What is expected »
Please repeat the whole listing exactly, but leave out any picture it holds.

Input for this task »
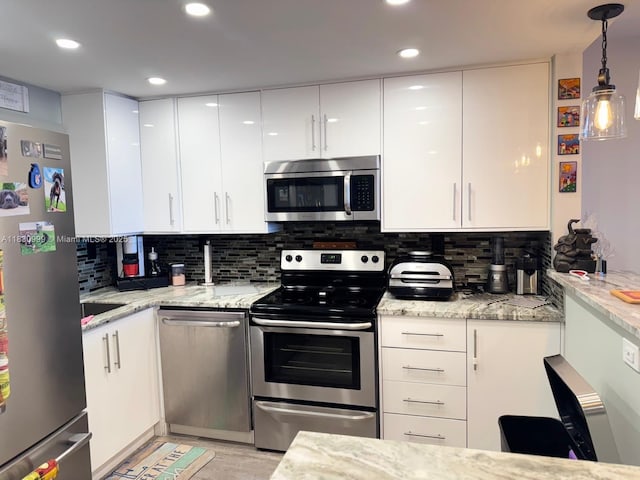 400 N Surf Rd Unit 804, Hollywood, FL 33019 - kitchen with stainless steel appliances, white cabinetry, tasteful backsplash, light stone counters, and recessed lighting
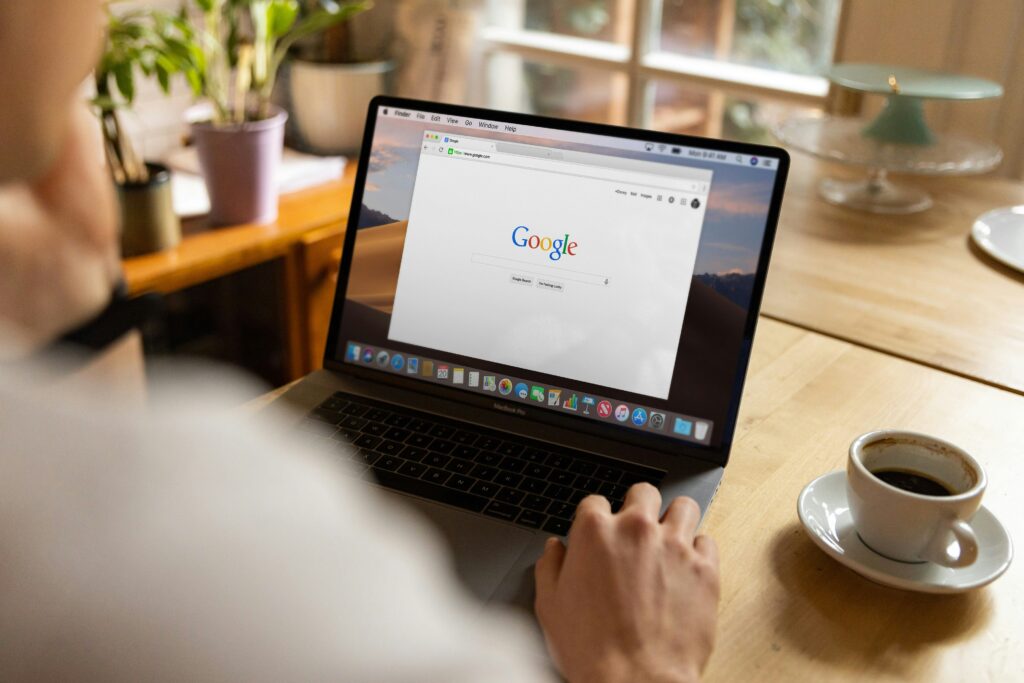 man using laptop with cup of coffee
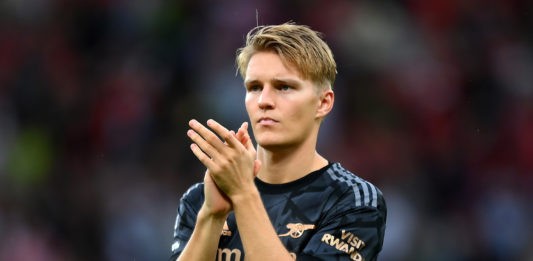 MANCHESTER, ENGLAND - SEPTEMBER 04: Martin Oedegaard of Arsenal applauds fans after the Premier League match between Manchester United and Arsenal FC at Old Trafford on September 04, 2022 in Manchester, England. (Photo by Shaun Botterill/Getty Images)
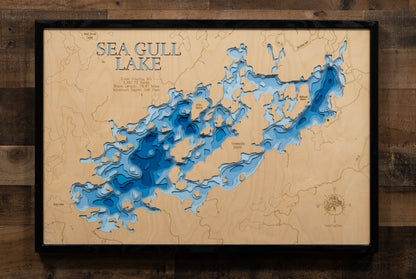 A highly detailed, laser-cut, and multi-layered wooden map of Sea Gull Lake, a natural lake in Cook County, Minnesota. The map shows the lake's distinct shape and its extensive 74.97-mile shoreline. The varying depths of the lake, reaching a remarkable 145 feet, are represented by different layers of wood.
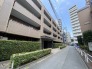 植栽の緑と落ち着いた色調の外観が調和し、街並みに穏やかな風景を創り出しています。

Exercise answer »
 400 N Surf Rd Unit 804, Hollywood, FL 33019 - kitchen with stainless steel appliances, white cabinetry, tasteful backsplash, light stone counters, and recessed lighting
 man using laptop with cup of coffee
 MANCHESTER, ENGLAND - SEPTEMBER 04: Martin Oedegaard of Arsenal applauds fans after the Premier League match between Manchester United and Arsenal FC at Old Trafford on September 04, 2022 in Manchester, England. (Photo by Shaun Botterill/Getty Images)
 A highly detailed, laser-cut, and multi-layered wooden map of Sea Gull Lake, a natural lake in Cook County, Minnesota. The map shows the lake's distinct shape and its extensive 74.97-mile shoreline. The varying depths of the lake, reaching a remarkable 145 feet, are represented by different layers of wood.
 植栽の緑と落ち着いた色調の外観が調和し、街並みに穏やかな風景を創り出しています。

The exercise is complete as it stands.